Andrews and Arnold[0] offer gigabit, but I'm not surprised the author hasn't heard of them; they never advertise.

[0] https://www.aa.net.uk/



This is due to advertising standards. They are required to advertise "average speed", although how this is actually calculated is nebulous.

A&A not advertising can just say what the link speeds actually are on the product pages.

Other ISP's could do this too, but it would cause confusion having one figure on the advert and one figure on the product pages, and they might get in trouble if they link to the product pages in the adverts.


Couldn't they just list link speed and average speed (however that is measured, before or after protocol overhead for example) as two separate lines on the product page?

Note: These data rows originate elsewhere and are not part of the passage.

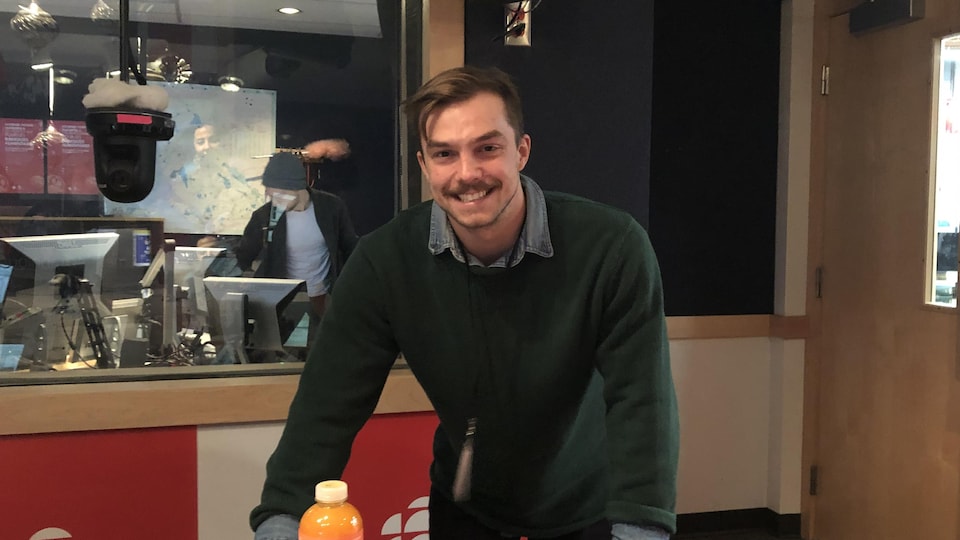 Nicolas Chevrier sourit dans les studios radio de Radio-Canada à Vancouver.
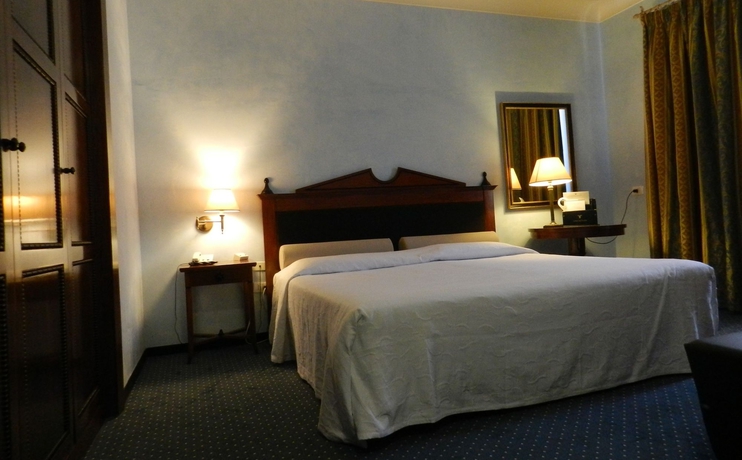 Imagen de la habitación del Hotel Central Palace Federico Ii. Foto 6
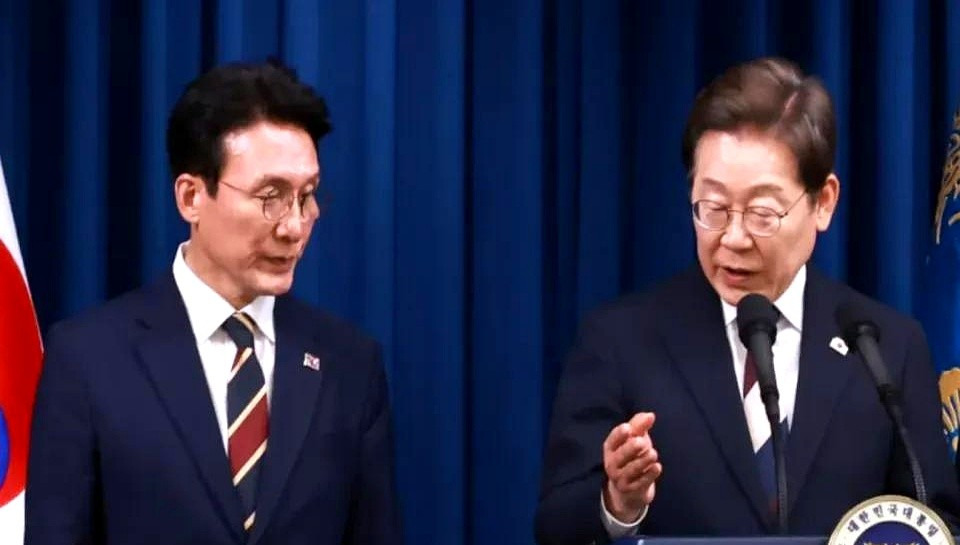抓紧！处理掉国民力量党这帮人





---





真让人捏把汗！韩国政坛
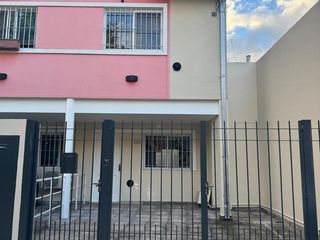Foto 1 de Buen Chalet/Duplex de 3 amb. en alquiler en Carapachay!!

It’s still nonsense. Everyone doing FTTH is using passive optical networking (PON, or NGPON or XGPON or XGSPON or …) which actually has a line rate of 10Gbps. It then uses TDMA to give each subscriber enough time slots to send and receive at a particular speed. My ISP, Ziply Fiber, just gives every subscriber enough time slots to send at the advertised speed _after_ protocol overhead, even at gigabit and higher speeds. If you buy the 500 Mbps service it really will speed test at 500 Mbps. If you buy gigabit it really will test at 1000Mbps provided you have faster than gigabit Ethernet between you and the router. The router that they rent connects to the ONT at 10Gbps, so speed tests done on the router itself always test at the speed you’re subscribed to.

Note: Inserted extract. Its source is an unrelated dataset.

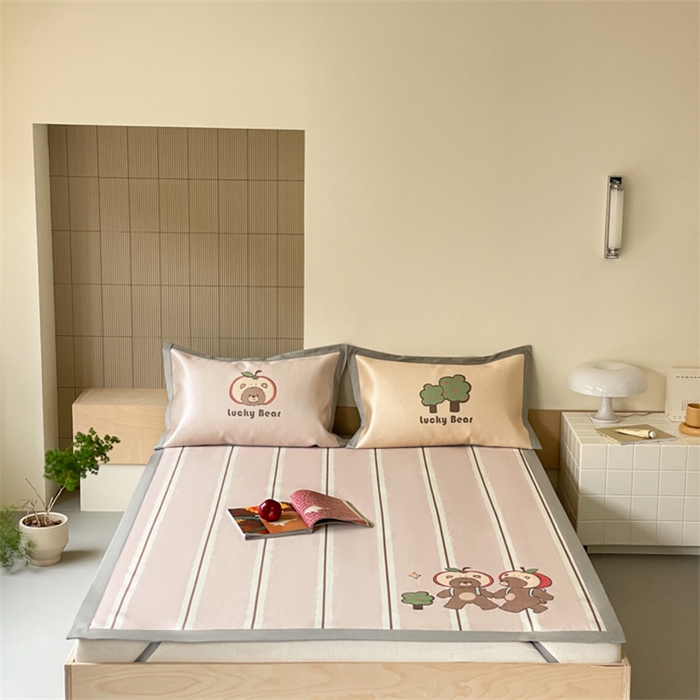 91家纺网 家纺一手货源 找家纺 圆岛家纺 2024新款900D卡通冰丝养生席 苹果熊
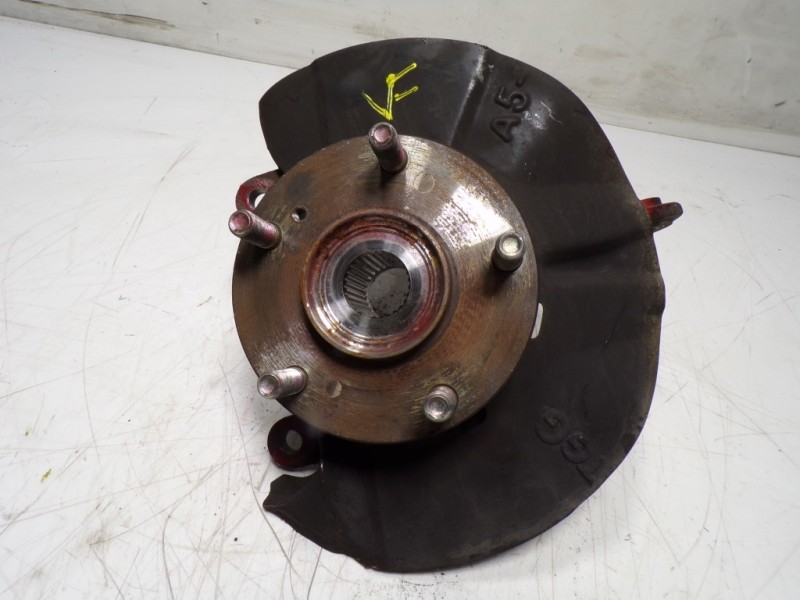 Recambio de mangueta delantera izquierda para honda civic lim.5 (fk) 1.0 vtec cat referencia OEM IAM 51216TGNG01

At 10Gbps and above they start using direct–attached fiber (DIA) instead, so the speed you subscribe to is the line rate and it will test lower due to protocol overhead. But if you can max out a 50Gbps link then I think the overhead will not bother you much.

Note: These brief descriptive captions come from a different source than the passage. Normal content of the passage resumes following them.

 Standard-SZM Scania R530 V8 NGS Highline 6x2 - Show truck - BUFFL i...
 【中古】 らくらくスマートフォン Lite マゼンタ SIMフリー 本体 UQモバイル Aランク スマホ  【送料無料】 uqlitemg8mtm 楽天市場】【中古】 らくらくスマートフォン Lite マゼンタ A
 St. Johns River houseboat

They also allow residential customers to run BGP and use their own addresses. They’re a great ISP.


As others have said, Fibre is a postcode lottery.

A&A is expensive for me. 1Gbps down and 115Mb/s up with a 1TB/mo quota for £75/mo. I get similar speeds (with no download limit) from BT for £34.99/mo.

Community Fibre is £63/mo for symmetric 5Gbps and "unlimited data".

I'm locked into a contract with BT for another year but I don't have any real need for anything faster than 500Mbps right now.

I'm focusing on making my homelab network 10GbE to cover the day that I do manage to get >1Gbps broadband.


It's not true either. Openreach offer a 1.6gbit/sec product now, which ISPs can resell.

I don't understand why he says it's the most expensive places to get internet. You can get 900mbit (really 1gig pre overheads) for ~£30/month on openreach infrastructure which is not the cheapest in the world but it certainly isn't the most expensive.

And if you're covered by an altnet (who build their own infrastructure instead of reselling openreach) like cityfibre, community fibre or netomnia you'll get far faster speeds for even less money.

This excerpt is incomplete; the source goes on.